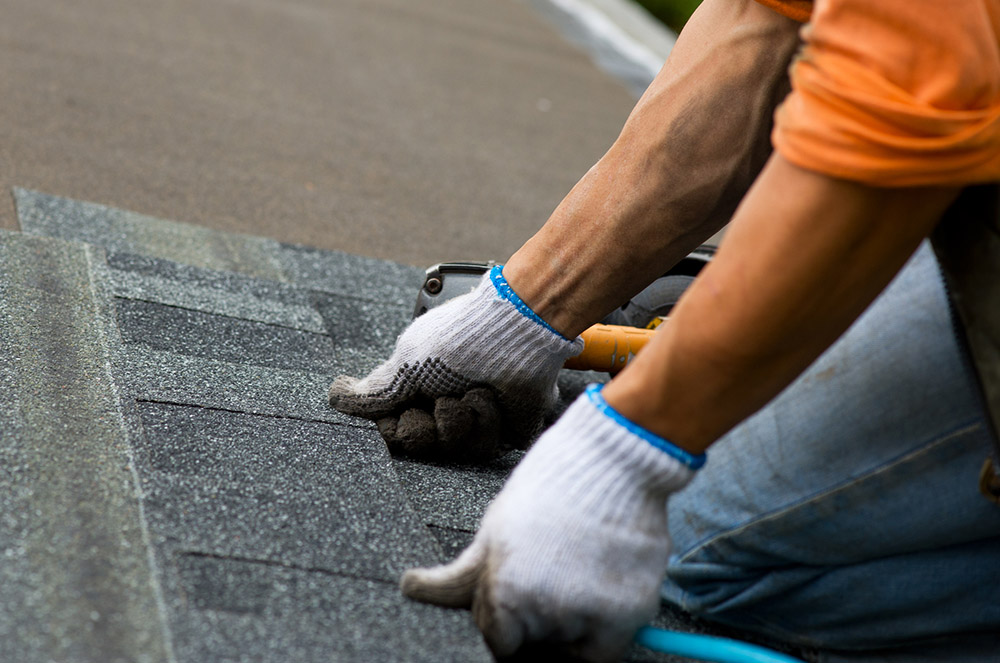 roofer putting shingles on roof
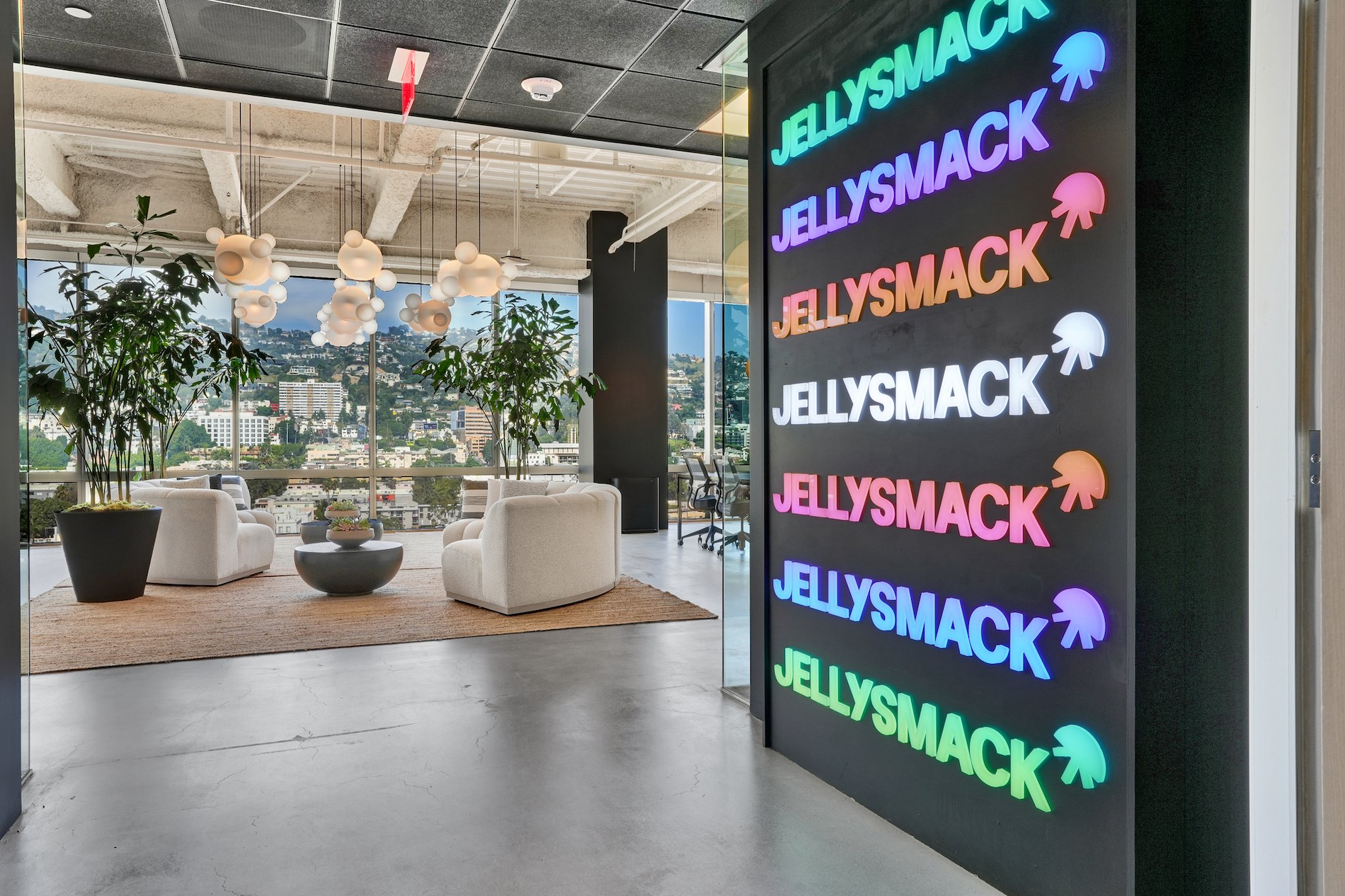 jellysmack office the logo runs up and down the wall to the right and we can see a beautifully designed seating area in the background with white furniture and indoor plants
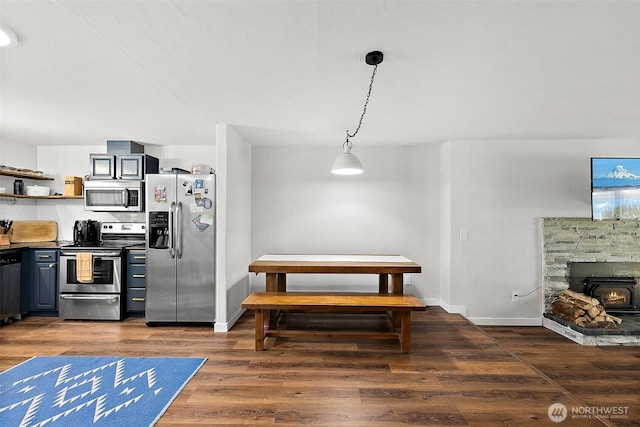 dining room with baseboards and dark wood-style floors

[EXERCISE] Without the pictures, write out the whole listing above exactly as it appears.

[TASK ANSWER]
 roofer putting shingles on roof
 jellysmack office the logo runs up and down the wall to the right and we can see a beautifully designed seating area in the background with white furniture and indoor plants
 dining room with baseboards and dark wood-style floors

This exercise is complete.